◆ **What you should do**
Set down exactly the lines below between the line holding "Certified 2026 Honda Odyssey EX-L image 17" and the line holding "picture 3 BLYSS", inclusive; no other line belongs in the answer.

Scraped caption text data
· · · · · · ·
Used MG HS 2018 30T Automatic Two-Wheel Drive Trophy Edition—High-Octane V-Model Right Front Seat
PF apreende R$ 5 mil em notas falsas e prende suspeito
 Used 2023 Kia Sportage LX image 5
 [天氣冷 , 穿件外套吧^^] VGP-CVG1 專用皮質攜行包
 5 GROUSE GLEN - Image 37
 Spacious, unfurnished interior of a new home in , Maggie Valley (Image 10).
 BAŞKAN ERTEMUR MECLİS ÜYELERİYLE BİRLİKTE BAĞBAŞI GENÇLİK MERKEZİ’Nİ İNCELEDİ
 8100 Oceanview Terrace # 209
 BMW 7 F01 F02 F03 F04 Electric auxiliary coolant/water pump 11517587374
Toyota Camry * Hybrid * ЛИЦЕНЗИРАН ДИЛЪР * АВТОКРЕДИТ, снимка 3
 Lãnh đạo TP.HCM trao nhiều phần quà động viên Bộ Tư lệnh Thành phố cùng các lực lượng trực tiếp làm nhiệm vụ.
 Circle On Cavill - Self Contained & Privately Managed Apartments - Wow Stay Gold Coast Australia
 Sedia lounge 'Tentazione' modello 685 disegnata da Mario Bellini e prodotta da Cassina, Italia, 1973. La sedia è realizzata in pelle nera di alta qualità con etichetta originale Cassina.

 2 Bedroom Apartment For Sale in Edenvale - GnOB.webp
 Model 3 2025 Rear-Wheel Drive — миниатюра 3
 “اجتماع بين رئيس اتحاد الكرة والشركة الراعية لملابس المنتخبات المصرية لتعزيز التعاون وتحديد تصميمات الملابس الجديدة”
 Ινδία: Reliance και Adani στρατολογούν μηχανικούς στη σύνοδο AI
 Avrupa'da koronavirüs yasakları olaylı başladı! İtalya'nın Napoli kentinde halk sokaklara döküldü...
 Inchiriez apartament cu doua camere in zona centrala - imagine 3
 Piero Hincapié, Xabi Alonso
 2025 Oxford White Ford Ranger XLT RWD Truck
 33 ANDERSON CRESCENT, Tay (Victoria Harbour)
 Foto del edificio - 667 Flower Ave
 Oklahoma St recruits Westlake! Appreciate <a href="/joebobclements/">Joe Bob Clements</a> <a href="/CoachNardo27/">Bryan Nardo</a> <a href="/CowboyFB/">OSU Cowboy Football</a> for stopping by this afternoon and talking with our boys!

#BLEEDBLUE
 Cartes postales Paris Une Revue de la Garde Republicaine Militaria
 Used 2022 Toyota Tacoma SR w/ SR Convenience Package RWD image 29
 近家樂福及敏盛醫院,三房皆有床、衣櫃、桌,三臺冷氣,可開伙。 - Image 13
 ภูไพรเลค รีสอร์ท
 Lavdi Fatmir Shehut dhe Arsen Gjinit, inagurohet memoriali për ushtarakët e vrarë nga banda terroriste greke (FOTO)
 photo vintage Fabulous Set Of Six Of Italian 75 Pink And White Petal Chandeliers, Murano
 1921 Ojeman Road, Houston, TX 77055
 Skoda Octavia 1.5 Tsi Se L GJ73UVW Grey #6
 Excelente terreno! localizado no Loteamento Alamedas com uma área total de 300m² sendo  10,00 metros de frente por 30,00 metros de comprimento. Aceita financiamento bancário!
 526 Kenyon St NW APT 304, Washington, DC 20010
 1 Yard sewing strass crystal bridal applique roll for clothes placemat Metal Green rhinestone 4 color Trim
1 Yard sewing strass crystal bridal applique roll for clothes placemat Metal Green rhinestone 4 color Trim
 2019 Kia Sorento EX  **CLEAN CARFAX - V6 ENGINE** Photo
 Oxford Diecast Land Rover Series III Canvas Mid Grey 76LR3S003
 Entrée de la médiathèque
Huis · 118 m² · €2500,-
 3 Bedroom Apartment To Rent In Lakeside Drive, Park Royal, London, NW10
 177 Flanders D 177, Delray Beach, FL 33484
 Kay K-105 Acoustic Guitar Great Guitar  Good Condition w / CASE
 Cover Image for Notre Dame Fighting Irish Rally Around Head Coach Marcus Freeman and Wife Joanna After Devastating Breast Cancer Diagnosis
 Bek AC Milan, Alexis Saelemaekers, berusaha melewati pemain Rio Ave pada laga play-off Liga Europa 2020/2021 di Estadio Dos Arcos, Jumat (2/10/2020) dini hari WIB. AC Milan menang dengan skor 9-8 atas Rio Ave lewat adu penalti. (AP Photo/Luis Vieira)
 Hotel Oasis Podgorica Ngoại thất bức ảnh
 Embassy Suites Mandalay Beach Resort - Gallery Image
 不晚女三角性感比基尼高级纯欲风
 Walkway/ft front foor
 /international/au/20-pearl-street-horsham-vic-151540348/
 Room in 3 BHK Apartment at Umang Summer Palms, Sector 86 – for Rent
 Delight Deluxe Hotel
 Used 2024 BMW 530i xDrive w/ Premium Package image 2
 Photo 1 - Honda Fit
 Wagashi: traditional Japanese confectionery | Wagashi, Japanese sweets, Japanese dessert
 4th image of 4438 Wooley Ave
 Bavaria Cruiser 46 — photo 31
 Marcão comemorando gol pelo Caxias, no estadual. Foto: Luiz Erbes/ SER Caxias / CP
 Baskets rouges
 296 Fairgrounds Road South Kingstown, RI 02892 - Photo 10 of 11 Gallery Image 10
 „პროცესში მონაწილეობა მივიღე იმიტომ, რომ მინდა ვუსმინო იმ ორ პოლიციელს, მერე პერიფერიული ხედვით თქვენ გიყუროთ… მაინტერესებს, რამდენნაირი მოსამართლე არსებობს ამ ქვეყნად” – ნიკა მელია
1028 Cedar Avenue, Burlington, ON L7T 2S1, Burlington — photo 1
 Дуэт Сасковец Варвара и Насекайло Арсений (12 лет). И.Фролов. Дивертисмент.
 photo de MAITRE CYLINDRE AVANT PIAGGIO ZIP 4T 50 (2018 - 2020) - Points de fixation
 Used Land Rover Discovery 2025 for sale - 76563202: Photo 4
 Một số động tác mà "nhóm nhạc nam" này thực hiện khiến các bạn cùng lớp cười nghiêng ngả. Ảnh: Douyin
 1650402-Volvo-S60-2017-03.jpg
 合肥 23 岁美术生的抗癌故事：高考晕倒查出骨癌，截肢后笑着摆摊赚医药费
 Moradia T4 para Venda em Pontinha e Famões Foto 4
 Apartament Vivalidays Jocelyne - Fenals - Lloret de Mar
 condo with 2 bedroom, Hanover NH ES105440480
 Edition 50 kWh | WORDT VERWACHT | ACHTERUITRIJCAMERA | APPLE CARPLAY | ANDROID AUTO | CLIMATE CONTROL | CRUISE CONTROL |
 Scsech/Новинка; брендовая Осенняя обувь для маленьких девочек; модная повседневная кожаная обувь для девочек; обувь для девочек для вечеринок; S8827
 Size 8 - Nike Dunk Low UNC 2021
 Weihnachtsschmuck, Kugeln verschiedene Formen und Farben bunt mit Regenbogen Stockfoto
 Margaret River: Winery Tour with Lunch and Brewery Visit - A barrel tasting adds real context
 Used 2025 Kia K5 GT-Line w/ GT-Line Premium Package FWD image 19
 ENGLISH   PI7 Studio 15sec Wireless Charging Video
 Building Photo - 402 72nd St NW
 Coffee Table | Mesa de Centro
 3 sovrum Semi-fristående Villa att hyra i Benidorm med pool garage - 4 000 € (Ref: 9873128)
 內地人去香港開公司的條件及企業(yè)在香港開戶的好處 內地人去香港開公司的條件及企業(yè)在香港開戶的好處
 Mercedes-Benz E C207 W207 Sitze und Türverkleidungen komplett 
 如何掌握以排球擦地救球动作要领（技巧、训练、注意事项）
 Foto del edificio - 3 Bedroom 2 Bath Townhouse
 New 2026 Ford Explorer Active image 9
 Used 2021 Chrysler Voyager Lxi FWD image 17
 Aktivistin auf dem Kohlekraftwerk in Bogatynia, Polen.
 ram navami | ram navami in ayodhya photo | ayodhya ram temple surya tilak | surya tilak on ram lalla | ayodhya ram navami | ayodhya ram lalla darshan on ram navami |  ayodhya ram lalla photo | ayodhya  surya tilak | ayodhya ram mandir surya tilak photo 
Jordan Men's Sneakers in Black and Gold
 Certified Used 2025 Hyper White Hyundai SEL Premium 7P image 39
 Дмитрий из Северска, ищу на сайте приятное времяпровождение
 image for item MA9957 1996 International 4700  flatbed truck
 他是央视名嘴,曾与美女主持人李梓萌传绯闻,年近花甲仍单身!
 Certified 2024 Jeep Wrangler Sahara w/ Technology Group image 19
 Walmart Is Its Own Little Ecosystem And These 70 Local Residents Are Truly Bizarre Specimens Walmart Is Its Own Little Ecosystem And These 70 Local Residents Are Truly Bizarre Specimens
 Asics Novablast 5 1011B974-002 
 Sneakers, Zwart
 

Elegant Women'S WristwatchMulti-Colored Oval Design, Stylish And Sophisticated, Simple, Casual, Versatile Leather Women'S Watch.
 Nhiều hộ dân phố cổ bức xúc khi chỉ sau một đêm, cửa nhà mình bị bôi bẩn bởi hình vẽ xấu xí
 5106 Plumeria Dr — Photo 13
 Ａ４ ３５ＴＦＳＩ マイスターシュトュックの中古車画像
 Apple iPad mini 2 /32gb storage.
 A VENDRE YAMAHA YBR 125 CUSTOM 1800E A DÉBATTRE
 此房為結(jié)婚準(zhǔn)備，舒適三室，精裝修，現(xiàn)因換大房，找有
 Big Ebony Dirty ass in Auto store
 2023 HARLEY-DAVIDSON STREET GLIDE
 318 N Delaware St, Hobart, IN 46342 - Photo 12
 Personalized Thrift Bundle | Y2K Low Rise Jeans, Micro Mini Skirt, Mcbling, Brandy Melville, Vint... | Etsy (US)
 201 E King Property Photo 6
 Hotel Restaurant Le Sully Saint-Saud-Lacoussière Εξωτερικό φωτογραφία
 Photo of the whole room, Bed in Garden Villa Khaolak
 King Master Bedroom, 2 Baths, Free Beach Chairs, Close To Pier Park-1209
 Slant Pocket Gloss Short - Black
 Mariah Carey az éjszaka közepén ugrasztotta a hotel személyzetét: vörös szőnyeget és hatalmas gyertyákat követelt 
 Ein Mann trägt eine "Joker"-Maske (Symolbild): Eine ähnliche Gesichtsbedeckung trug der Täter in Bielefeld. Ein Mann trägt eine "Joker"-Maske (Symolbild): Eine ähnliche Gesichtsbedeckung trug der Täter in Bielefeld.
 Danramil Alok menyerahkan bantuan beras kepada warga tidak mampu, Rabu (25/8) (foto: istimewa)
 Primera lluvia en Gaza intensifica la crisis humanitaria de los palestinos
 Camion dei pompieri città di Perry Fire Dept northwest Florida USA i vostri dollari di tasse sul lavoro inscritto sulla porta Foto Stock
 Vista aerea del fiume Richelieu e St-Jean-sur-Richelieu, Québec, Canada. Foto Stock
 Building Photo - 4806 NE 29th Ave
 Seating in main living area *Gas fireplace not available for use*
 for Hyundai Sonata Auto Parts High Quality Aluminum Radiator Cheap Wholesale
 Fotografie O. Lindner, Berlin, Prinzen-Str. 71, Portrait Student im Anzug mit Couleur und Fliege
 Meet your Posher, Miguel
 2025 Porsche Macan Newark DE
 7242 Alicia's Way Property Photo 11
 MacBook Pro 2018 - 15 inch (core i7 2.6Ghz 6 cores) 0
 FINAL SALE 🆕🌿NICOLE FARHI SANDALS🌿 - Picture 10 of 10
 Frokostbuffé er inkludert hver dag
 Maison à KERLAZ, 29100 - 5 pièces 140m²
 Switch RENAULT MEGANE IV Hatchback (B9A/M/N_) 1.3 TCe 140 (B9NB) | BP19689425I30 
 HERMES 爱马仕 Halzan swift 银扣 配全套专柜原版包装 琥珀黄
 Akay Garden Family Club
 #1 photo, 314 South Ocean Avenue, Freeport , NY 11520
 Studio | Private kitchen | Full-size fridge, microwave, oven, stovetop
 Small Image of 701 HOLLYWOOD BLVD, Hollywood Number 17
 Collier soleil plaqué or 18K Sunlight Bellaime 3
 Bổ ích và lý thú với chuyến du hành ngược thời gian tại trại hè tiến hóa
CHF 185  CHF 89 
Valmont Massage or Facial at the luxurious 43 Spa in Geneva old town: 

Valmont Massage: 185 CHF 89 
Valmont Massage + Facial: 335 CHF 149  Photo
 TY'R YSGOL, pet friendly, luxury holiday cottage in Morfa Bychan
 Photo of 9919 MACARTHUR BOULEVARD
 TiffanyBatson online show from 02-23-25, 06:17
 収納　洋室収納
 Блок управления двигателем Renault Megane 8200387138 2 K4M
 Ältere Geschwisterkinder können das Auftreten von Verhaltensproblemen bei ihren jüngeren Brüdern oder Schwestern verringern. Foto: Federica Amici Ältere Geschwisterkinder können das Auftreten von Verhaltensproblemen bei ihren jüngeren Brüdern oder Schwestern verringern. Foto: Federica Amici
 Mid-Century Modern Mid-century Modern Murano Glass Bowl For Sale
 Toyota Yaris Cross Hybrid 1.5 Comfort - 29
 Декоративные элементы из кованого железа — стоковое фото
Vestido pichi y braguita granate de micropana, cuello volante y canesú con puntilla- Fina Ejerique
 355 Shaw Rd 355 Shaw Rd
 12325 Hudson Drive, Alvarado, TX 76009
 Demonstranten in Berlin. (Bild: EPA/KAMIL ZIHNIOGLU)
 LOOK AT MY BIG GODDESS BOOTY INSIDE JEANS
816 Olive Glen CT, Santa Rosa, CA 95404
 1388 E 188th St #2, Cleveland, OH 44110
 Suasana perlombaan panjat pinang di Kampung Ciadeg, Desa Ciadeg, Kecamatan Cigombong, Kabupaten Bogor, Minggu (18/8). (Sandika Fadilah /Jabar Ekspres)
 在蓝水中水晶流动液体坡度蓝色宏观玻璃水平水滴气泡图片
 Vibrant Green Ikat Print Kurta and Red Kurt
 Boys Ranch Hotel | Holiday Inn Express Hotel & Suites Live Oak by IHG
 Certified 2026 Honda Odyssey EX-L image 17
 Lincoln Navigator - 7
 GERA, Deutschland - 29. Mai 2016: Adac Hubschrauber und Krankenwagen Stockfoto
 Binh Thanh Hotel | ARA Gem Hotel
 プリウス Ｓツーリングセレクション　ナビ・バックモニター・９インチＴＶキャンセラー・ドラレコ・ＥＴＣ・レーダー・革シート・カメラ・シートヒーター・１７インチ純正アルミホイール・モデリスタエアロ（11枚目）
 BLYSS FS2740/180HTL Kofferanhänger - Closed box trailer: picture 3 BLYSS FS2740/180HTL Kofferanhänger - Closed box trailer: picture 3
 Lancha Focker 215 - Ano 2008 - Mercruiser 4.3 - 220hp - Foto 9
· · · · · · ·
◆ **Written solution**
 Certified 2026 Honda Odyssey EX-L image 17
 Lincoln Navigator - 7
 GERA, Deutschland - 29. Mai 2016: Adac Hubschrauber und Krankenwagen Stockfoto
 Binh Thanh Hotel | ARA Gem Hotel
 プリウス Ｓツーリングセレクション　ナビ・バックモニター・９インチＴＶキャンセラー・ドラレコ・ＥＴＣ・レーダー・革シート・カメラ・シートヒーター・１７インチ純正アルミホイール・モデリスタエアロ（11枚目）
 BLYSS FS2740/180HTL Kofferanhänger - Closed box trailer: picture 3 BLYSS FS2740/180HTL Kofferanhänger - Closed box trailer: picture 3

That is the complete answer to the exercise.